Pharos-Tribune

December 6, 2012

Athlete of the Week: ‘Mr. Valuable’

Scales is a key part to Caston’s recent hoop successes

by Beau Wicker
Pharos-Tribune

— Caston’s boys basketball team has won 30 games the last two seasons despite not having a player taller than 6-foot-1 in either season.

The Comets are in the same predicament this season, but they once again have 6-foot, 170-pound center Daniel Scales in the middle to help make up for it.

Caston boys basketball coach Ben Snyder said that Scales has been “Mr. Valuable” to the program and talked about the many reasons why.

“He’s one of those kids that comes along that is just a special, once-in-a-10-, 15- or 20-years type of kid,” Snyder said. “He does all of the little things on the basketball floor, and he’s a leader off the floor by example and vocally. Last year in many of our games he was our most valuable player. You’ve seen it this year that we are a different team when he’s on the floor. He can change an entire game by 25 points without taking a shot, he’s that valuable.

“He’s a competitor who hates to lose. Some kids have that, but he’s at another level. He doesn’t like to lose any drill in any practice. He’s the first guy on the floor, the first guy to take a charge, set a screen, grab an offensive rebound. The things a lot of players don’t want to do that doesn’t get your name in a stat column or newspaper, he does all those things. He’s a rare breed.

“He’s the first person who I want every kid in our program to watch. He exemplifies what Caston basketball is all about.”

While Scales’ defense and rebounding is invaluable to the Comets, his offensive contributions shouldn’t be overlooked, said Snyder.

“Our offense slows down and we’re not near as sharp when he’s not on the floor. He might be our most irreplaceable guy on offense. Our offense goes because of him,” Snyder said

The Comets (0-3) have lost three straight close games to start the season. They didn’t lose their third game last season until Jan. 28.

“We’re improving every game. We’ve got to find a way to finish games,” Scales said. “I think we’ll be all right.”

The Comets opened with a surprising loss at Lakeland Christian Academy.

“We weren’t as good as we thought we were,” Scales said. “We have more room to improve. That’s not a good thing, but it’s not a bad thing either.”

The Comets then lost to arch-rival Pioneer in the county tournament last week. The Comets got within two points with just over two minutes to go before the Panthers pulled away late.

“The Pioneer game I just think we didn’t take advantage of some situations, and turnovers killed us,” Scales said. “We have to find a way to take care of the ball. And if we play defense, our offense will come.”

The Comets let a fourth-quarter lead get away from them in a loss to Cass last Friday.

“At the end of the quarters we had crucial turnovers that led to big point swings,” Scales said. “At the end of every quarter we had a point swing, where we could have been up five and instead were up one or down two. We’ve got to take care of the ball during crucial times with pressure.”

One factor is that Scales has been in foul trouble in each game other than the Cass game to start the season.

“I’ve got to find out the way the refs are calling it and play the way I need to play to stay in the game,” Scales said.

Scales talked about going up against bigger opponents.

“I might be outmatched in talent or size, but I’m never going to be outhustled,” he said.

Scales also credited the Caston system.

“It’s a team defense,” he said. “One of the main focuses in practices is getting hip-ins so they don’t get any second chances.”

As for the tough start to the season, Scales said, “We’re coming along. I think we’ll be fine. I’d rather it be this way now than in February. I think we’ll be fine in the long run.”

The following is a question-and-answer session with Scales.

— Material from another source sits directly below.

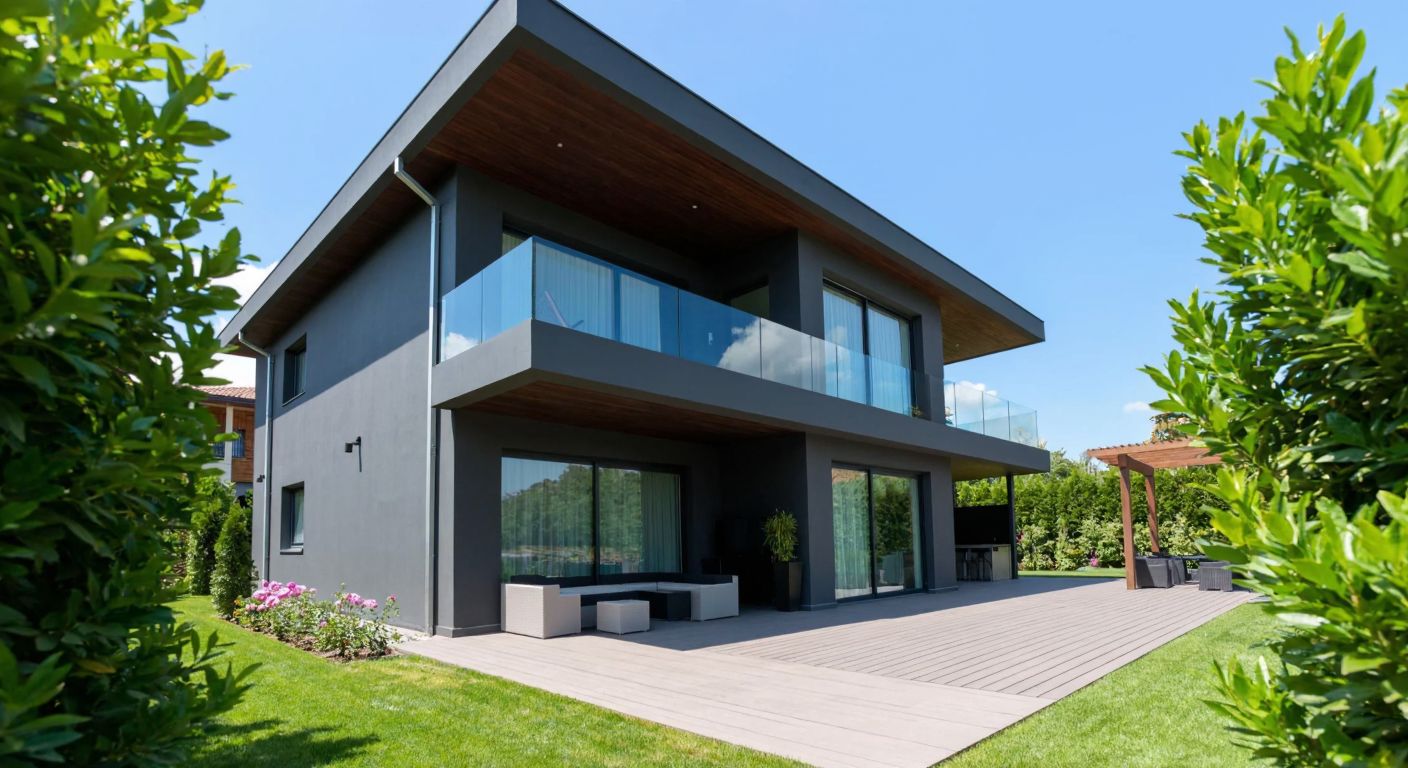 A modern Turkish house with a sleek, weather-resistant kompodeck exterior, standing strong under bright sunlight, surrounded by lush greenery and a clear blue sky.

Q. Of the sports you play, which is your favorite? Why?

A. Basketball. I was just raised to love basketball. My family is a basketball family.

Q. How did you first get started in sports? At what age?

A. I got started in sports at age 6 playing Y league soccer and basketball.

Q. Do you have any family members who played sports?

A. My dad [Barry] played basketball here at Caston, and my mom [Julie] played softball.

Q. Have you ever played a sport that you were not successful at?

A. I tried golfing in junior high. I wasn’t very good, but I’m still working at it.

Q. How do you feel you’ve improved as an athlete since you first started playing?

A. I feel like my mental toughness has improved greatly since freshman year.

Q. What experiences have you had in sports have made you the athlete you are today?

A. I play basketball against my dad down at the barn, and I think that has made me the competitor I am today.

Q. What is something that not everyone knows about you?

A. I was diagnosed with diabetes my sophomore year.

Q. What is your favorite memory of playing sports at your school?

A. Beating Pioneer my junior year with the great atmosphere and environment.

Q. What are your goals for your future? Do you plan on attending college?

A. I plan on attending Purdue University where I’ll study agribusiness.

Each week during the school year the Pharos-Tribune recognizes an athlete from one of five area high schools. The recipients are selected by each school’s athletic department.